Now, outside of those narrow bounds, there has been an increase in international interest by United States prosecutors—particularly in the white-collar world. 

To name but a few examples, American officials prosecuted a number of Swiss bankers and meaningfully changed longstanding Swiss banking practices around confidentiality. The U.S. Department of Justice’s Antitrust Division has worked on a number of global cartel cases in the past 15 years, attempting to impose U.S. criminal law on businesspeople around the world. More recently, the United States Attorney’s Office in Brooklyn, for example, brought a case against FIFA based on allegations of corruption in international soccer. That same U.S. Attorney’s Office has been reported to be investigating whether Russian officials violated U.S. law by helping Russian athletes avoid being detected for doping in the track and field world and at the Sochi Olympics. 

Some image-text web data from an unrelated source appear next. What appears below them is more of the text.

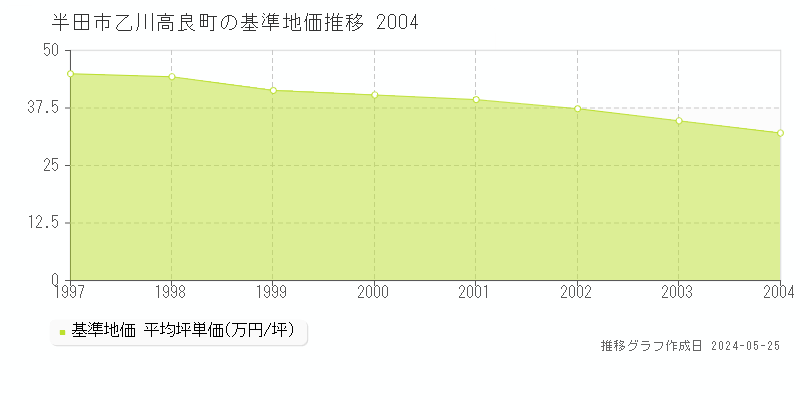 半田市乙川高良町の基準地価推移グラフ 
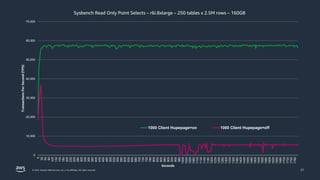 Practical Memory Tuning for PostgreSQL | PPTX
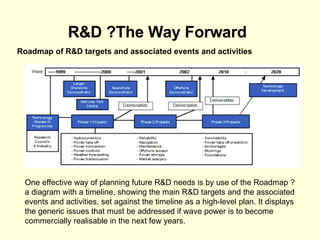 R&D ?The Way Forward   Roadmap of R&D targets and associated events and activities   One effective way of planning future R&D needs is by use of the Roadmap ? a diagram with a timeline, showing the main R&D targets and the associated  events and activities, set against the timeline as a high-level plan. It displays  the generic issues that must be addressed if wave power is to become  commercially realisable in the next few years.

This trend has rightly worried attorneys and businesspeople around the globe. A lawyer in Paris, say, who is advising a client on a course of action often must worry not only about French law, but whether a federal prosecutor in Boston or Miami will think that course of action might violate American criminal law. And, regrettably, the contours of United States criminal law are now highly dependent on the discretion of a U.S. prosecutor.

It is widely assumed—probably rightly—that if Hillary Clinton is the next American president, the U.S. Department of Justice’s international priorities and practices will change little. What is considerably less clear, though, is what a President Trump would do. 

Trump has not opined publicly on his views of the United States’ extraterritorial assertion of criminal jurisdiction. Nonetheless, assuming his views on this topic reflect some measure of internal consistency with his other views—an assumption perhaps less warranted in Mr. Trump’s case than in others—there is reason to think that a Trump presidency would be a stark reversal of what the Department of Justice has been doing to date. 

Donald Trump has been highly critical of the United States government spending money that does not directly benefit United States citizens. He has railed against American tax dollars paying for roads and schools in Afghanistan when the roads and schools in America are failing. 

Presumably, he would similarly be skeptical of the value of prosecuting, say, international soccer officials for corrupt practices in a game that few Americans watch or, frankly, understand. The FIFA investigation and prosecution was a large and expensive undertaking. If a President Trump wanted to cut funding to only those government expenditures that directly benefit Americans, this would be a natural first cut. 

Moreover, many of these cases are white-collar matters. Mr. Trump tends to view government enforcement actions directed toward business people with some skepticism, perhaps as a response to some of the criticism of his personal business arrangements. One can reasonably assume that if American prosecutors are withdrawing from the boardrooms in New York, they will leave the boardrooms in London and Hong Kong as well. 

All of this assumes, of course, that a President Trump would make reforming the Department of Justice a priority. The American government is a large and unwieldy operation. Few modern presidents successfully leave a mark in all corners of it or are able to reform each aspect. A President Trump would have a very full plate, and there is no indication that criminal justice reform would command his attention. 

This is to say that if Trump wins and then doesn’t pay attention to the U.S. Department of Justice, lawyers throughout the world will need to continue doing so.